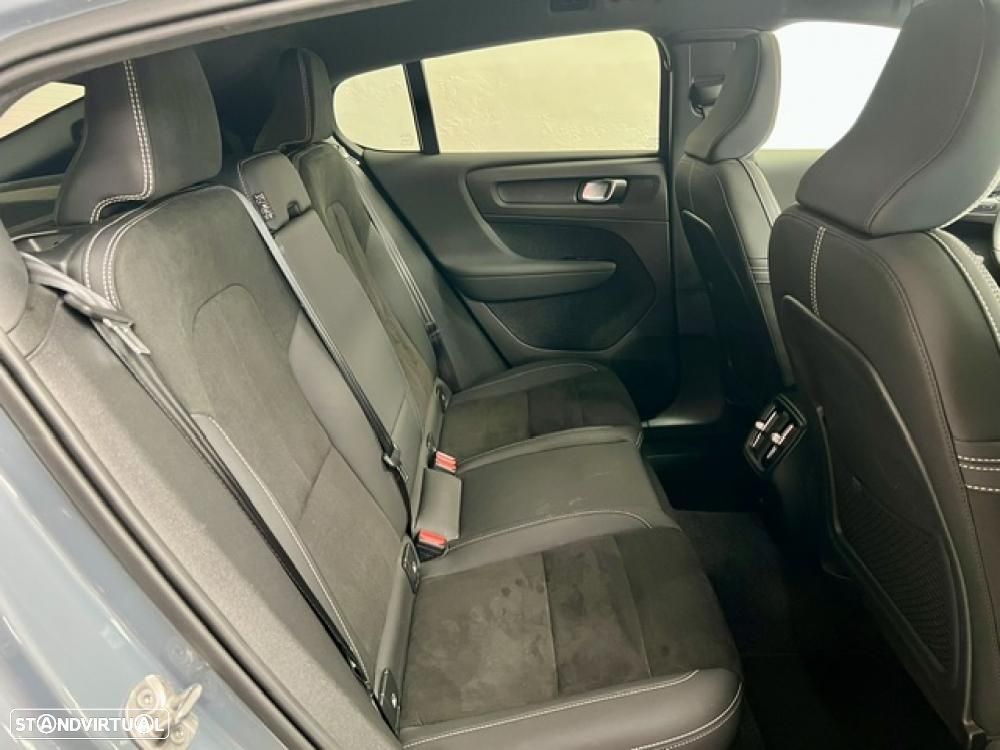 Volvo C40 Recharge Twin First Edition - 27
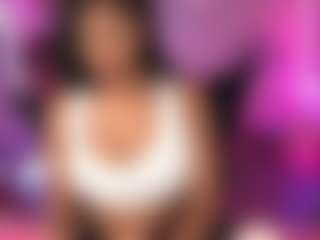 Live cam show with Zia - Ebony HD on Camsoda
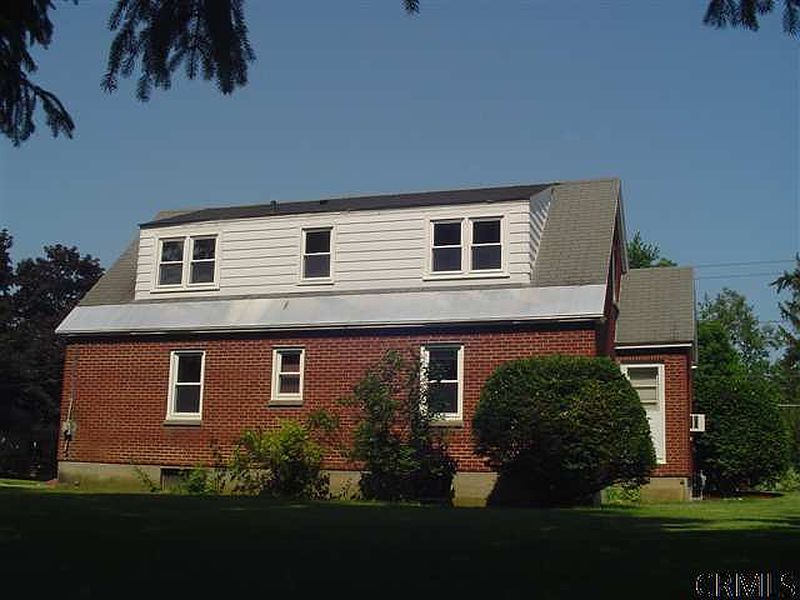 2nd image of 31 WASHINGTON Avenue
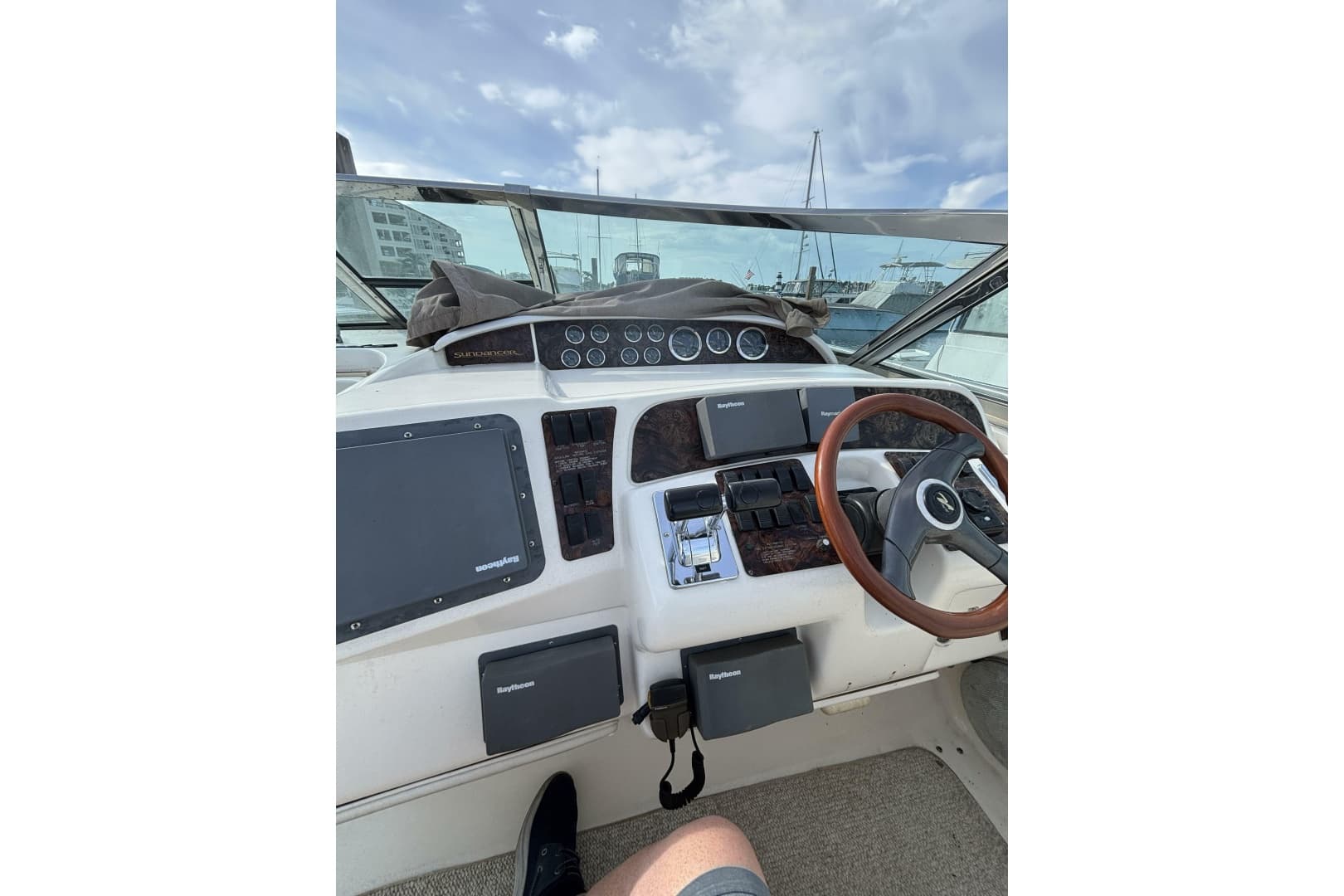1997 Sea Ray 370 Sundancer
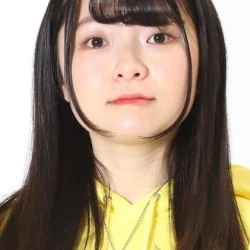 Akina Houmoto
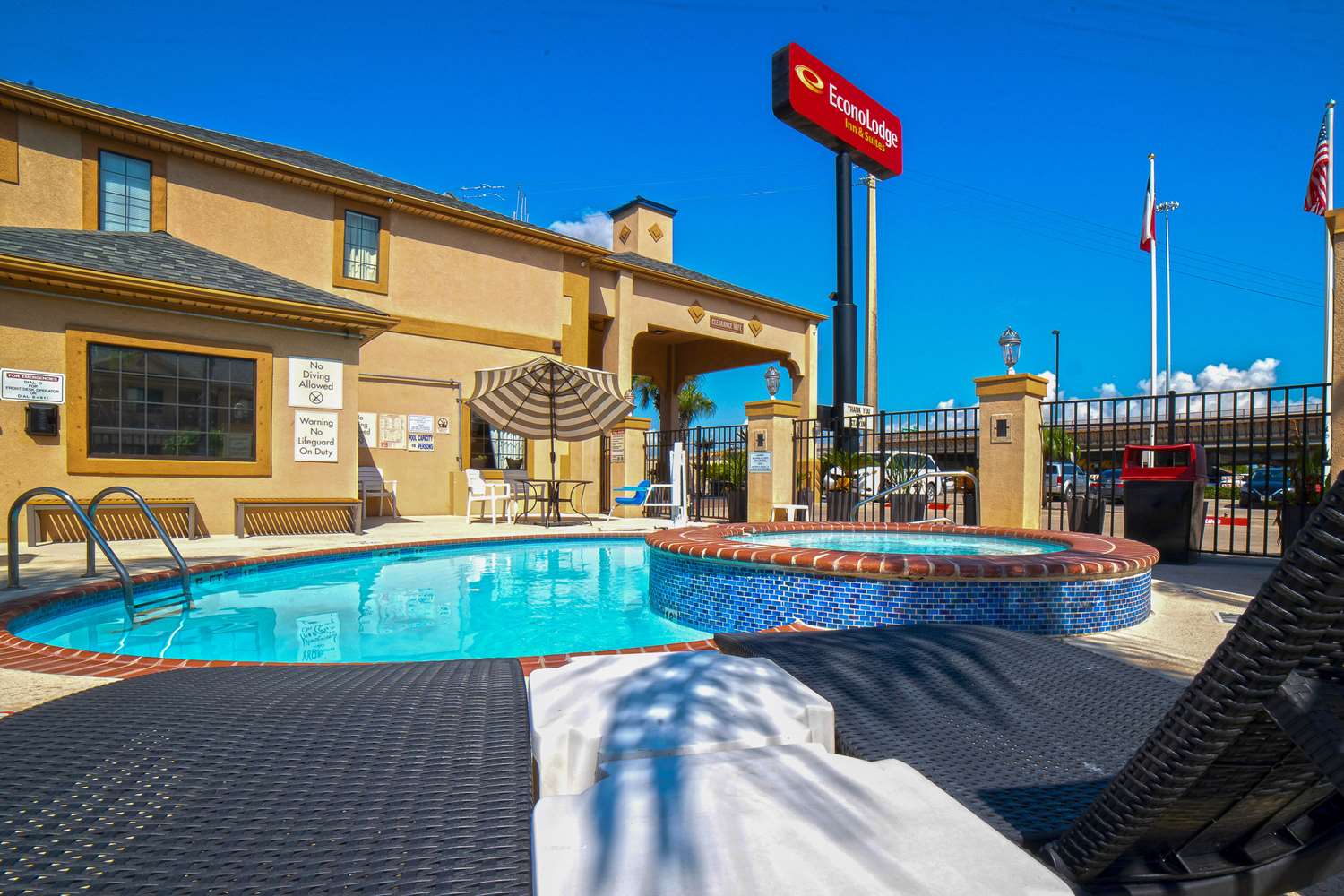 Фото Econo Lodge Inn & Suites Corpus Christi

━━━━━━━━━━━━━━━━━━━━

Prompt: Only the lines from the one holding "2nd image of 31 WASHINGTON Avenue" through the end of the data are to be printed, exactly as they stand and with no pictures.

Output for this task:
 2nd image of 31 WASHINGTON Avenue
1997 Sea Ray 370 Sundancer
 Akina Houmoto
 Фото Econo Lodge Inn & Suites Corpus Christi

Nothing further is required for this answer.